The Torah portion for this Shabbat, Ha’azinu, presents the same concept of accepting responsibility. Here it comes directly from Moses, who knows that his time leading Israel will soon be ending. He offers an oration — it could be a poem or a song — in front of the whole community. His message can be summarized as a contrast between God and the people. God is described as “The Rock! — His deeds are perfect, Yea, all His ways are just; A faithful God, never false, true and upright is He.” (Deuteronomy 32:4) The Israelites, on the other hand, are “Children unworthy of Him — That crooked, perverse generation — Their baseness has played Him false.” (32:5)
Rabbi Jonathan Sacks, in his 2015 book “Lesson in Leadership,” puts it this way: “God is straight; it is we who are complex and self-deceiving. God is not there to relieve us of responsibility. It is God who is calling us to responsibility.”
One of the common frailties of human nature is our tendency to avoid accountability for our actions. In Genesis 3 Adam is confronted with the fact that he has just eaten from the Tree of Knowledge and he blames Eve for handing him the fruit. The sin of the Golden Calf occurs on Aaron’s watch while Moses is away, and when forced to give an explanation, Aaron says, “I said to them, ‘Whoever has gold, take it off!’ They gave it to me and I hurled it into the fire and out came this calf!” (Exodus 32:24) And in the Yom Kippur afternoon haftarah portion, Jonah flees from his responsibility to declare God’s word to the city of Nineveh.

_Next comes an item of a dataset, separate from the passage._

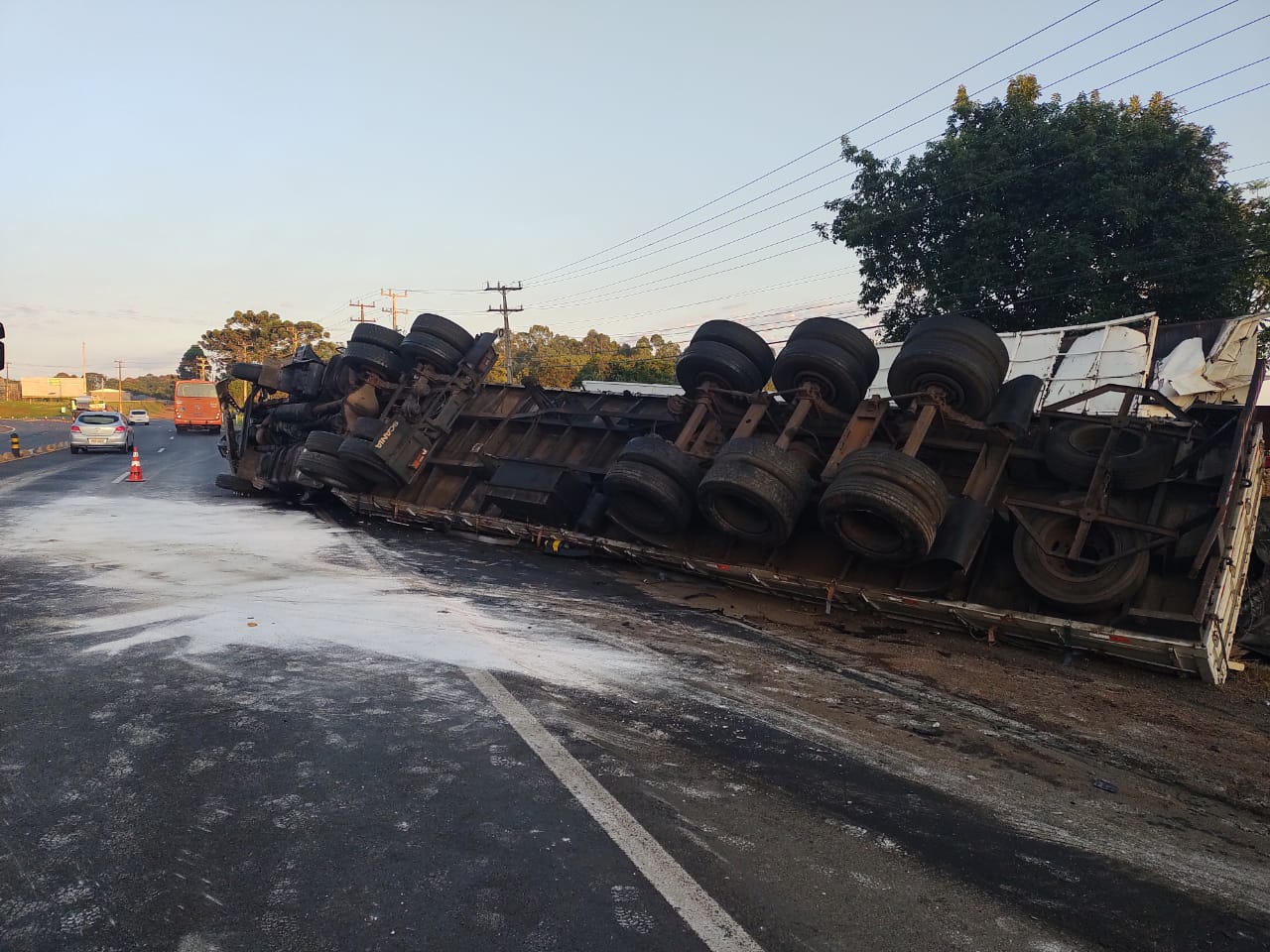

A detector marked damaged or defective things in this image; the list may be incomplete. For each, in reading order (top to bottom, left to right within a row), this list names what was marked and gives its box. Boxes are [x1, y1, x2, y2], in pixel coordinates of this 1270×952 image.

Today the list of those we can blame for our actions is long. Rabbi Sacks writes: “The culprits change. Only the sense of victimhood remains. It wasn’t us. It was the politicians. Or the media. Or the bankers. Or our genes. Or our parents. Or the system — be it capitalism, communism, or anything in between. Most of all, it is the fault of others, the ones not like us ….”
We have entered the time of year when such evasions serve no purpose. Whether we choose to admit it or not, God knows the truth.
In this way, Ha’azinu is the perfect portion to introduce Yom Kippur. Moses recounts their sins, reminds them that they sacrificed to false gods, grew complacent and forgot about God.
In listing our sins, the Yom Kippur liturgy does something similar. It takes a little of the sting away by phrasing it in the plural —”We have sinned. We have betrayed.”— rather than the singular. But the message is clear. When we stand before the Ark, our transgressions exposed, our bodies are weak from fasting, we must accept accountability. Only when we do this can we work toward the true goal of the day — atonement.
At the end of his oration, in Deuteronomy 32: 47, Moses concludes with a statement that summarizes the importance and the reward of the mandate he has just laid out: “For this [Torah] is not a trifling thing for you: It is your very life; through it you shall long endure on the land that you are to possess upon crossing the Jordan.”
At a time when we are faced by interwoven crises of health, economics and politics, it is clear that there is much beyond our control. But the message of this season is that Judaism holds us accountable for our own actions. Our problems can be addressed only when we recognize the significance of our actions, hold ourselves accountable and resolve to use our power for good.